Les touristes que l’on croise paraissent plus ahuris encore, comme
s'ils se demandaient comment leur voyage a pu les conduire en un lieu
aussi absurde. Paradoxalement, les chambres sont hors de prix. Je
parviens tout de même à en trouver une qui soit abordable au
Jivango Hotel, où m’attend une séquence des plus surréalistes.
La
patronne, une quarantenaire boulotte, est à ce point survoltée que
je me demande si elle n’est pas shootée aux amphètes. Elle me
conduit dans une chambre et, alors que je ne demande qu’à
m’écrouler dans mon lit, la voilà qui s’escrime sur la
télévision qui refuse d'afficher autre chose que de la neige, comme
si son bon fonctionnement était une question de vie ou de mort. J'ai
beau protester que, vraiment,
ce n'est pas grave, elle s'obstine dix bonnes minutes à triturer
vainement les boutons et, en désespoir de cause, fait finalement
venir une de ses assistantes… qui rebranche la prise d’antenne !
Je m’apprête à soupirer de soulagement lorsqu’elle se met à
zapper comme une forcenée jusqu’à trouver un programme qui lui
paraisse convenable : et c’est à Erenhot, au milieu de nulle
part, que je vois apparaître sur l’écran… les Télétubbies !
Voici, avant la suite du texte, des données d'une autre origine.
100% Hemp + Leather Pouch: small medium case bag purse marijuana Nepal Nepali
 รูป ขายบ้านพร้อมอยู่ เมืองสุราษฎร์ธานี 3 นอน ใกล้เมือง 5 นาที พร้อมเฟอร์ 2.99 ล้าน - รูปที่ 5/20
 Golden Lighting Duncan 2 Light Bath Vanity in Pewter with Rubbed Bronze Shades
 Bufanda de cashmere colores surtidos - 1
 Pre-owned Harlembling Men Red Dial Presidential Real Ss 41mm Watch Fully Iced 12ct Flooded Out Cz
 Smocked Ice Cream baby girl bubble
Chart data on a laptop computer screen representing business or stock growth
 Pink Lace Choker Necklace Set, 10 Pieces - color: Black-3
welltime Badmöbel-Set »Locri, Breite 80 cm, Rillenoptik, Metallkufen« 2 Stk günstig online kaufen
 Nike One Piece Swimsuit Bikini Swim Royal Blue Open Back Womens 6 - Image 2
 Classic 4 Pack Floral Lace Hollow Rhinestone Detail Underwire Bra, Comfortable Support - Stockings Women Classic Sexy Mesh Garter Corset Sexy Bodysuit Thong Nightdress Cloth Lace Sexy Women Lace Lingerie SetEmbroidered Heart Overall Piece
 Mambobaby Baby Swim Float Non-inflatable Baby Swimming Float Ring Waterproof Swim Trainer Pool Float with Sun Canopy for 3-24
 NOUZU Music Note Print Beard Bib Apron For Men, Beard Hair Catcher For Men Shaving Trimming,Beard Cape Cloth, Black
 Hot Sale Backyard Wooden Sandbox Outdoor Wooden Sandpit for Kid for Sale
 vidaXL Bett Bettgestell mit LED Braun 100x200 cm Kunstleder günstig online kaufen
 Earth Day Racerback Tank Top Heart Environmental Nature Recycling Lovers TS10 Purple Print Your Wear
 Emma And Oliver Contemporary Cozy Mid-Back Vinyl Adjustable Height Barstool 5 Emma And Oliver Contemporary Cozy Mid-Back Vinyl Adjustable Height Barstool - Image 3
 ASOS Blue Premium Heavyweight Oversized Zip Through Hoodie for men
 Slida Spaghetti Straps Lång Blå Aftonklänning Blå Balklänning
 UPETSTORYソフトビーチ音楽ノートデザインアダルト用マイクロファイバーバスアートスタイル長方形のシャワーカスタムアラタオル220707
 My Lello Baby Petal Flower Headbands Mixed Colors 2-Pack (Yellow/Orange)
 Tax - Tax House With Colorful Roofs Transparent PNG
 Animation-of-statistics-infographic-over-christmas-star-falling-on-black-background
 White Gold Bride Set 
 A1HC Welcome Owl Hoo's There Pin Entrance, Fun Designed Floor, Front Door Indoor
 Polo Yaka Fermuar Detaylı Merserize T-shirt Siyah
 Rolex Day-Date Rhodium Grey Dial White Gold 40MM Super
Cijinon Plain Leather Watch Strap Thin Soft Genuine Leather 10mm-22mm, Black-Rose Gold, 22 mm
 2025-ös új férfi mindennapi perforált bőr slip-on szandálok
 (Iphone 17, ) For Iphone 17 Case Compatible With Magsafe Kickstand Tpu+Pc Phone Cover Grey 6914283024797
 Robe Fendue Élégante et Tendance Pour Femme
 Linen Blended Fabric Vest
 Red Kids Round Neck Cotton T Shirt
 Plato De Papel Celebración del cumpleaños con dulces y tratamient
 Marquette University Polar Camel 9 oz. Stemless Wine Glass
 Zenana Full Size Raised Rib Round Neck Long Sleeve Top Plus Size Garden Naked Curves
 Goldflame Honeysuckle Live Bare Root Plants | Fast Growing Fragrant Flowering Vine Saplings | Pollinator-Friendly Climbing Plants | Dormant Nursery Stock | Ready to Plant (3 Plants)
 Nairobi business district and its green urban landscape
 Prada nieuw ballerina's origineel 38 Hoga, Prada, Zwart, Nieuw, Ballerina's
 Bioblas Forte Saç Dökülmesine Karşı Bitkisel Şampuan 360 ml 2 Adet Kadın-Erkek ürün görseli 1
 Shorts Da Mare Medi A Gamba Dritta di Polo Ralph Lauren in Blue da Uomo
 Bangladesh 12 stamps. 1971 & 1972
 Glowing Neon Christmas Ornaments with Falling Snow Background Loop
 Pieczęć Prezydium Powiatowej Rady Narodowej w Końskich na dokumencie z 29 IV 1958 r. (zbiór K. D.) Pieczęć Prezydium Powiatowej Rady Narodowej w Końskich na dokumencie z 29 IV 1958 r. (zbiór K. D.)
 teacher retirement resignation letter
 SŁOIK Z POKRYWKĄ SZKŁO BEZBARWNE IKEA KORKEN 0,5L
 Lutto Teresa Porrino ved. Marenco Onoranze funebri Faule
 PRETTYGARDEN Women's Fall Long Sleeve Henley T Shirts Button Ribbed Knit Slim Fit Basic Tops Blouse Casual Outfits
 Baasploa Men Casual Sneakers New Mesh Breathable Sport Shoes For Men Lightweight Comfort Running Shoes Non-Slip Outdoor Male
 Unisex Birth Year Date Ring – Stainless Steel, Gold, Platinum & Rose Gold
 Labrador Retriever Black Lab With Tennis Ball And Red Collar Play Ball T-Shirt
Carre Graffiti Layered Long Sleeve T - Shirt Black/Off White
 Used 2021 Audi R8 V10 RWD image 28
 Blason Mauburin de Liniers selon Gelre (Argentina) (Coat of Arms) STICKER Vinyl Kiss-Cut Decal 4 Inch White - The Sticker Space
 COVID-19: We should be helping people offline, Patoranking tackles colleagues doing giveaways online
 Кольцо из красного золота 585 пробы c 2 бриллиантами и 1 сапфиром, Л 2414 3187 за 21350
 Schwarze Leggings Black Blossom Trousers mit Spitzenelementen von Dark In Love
Elle reste alors figée, debout à côté de la télévision, les
yeux fixés sur moi, un sourire crispé, comme guettant quelque signe
d’approbation de ma part que je m’efforce de lui donner, mais je
ne dois pas être convainquant car elle ne bouge pas d’un pouce. Je
me demande où tout cela nous mène exactement,
lorsqu'une jeune fille pénètre sans crier gare dans la chambre,
s’assied sur le canapé en face du lit et adopte le même sourire
figé, le même regard fixe que sa patronne. À
ce stade, avec ces deux femmes chelous
qui me dévisagent et les Télétubbies qui déraillent en boucle, je
pense avoir basculé dans un film de David Lynch. Comme rien ne se
passe, je décide en désespoir de cause de leur offrir une cigarette
à chacune, et m’en allume une, voir si peut-être ce geste
pourrait provoquer quelque
chose. Tout ce que ça
provoque, c’est qu’elles commencent à parler entre elles dans
une langue qui est peut-être du chinois ou peut-être du mongol. La
jeune fille semble embarrassée et proteste, intime la patronne de
faire quelque chose (mais quoi ?). Leur manège dure encore une
minute ou deux, jusqu’à-ce que la patronne me demande d'une
traite : « Sex OK ? ». Je m'exclame
« Nooooo ! » et là, d'un coup, c’est comme si je
venais de mettre un terme au suspense le plus insoutenable de
l'histoire de la Chine. Les deux femmes éclatent de rire, j’en
fais autant et, après que la patronne soit confondue en excuses à
n’en plus finir, elles se décident enfin à me laisser seul. Je
m’empresse de faire taire les Télétubbies et m’endors devant
les infos : on y décrit en Chinois les gesticulations de George
W. Bush qui, d’après ce que je comprends, persiste à vouloir
envahir l’Irak.
Je
rêve de la Québéquoise, de la rouquine, de ma princesse indienne,
de ma grand-mère et – allez savoir pourquoi – ma
première pensée au réveil est que je dois faire attention à ne
pas avoir d’enfants si je ne suis pas convaincu d’en avoir envie…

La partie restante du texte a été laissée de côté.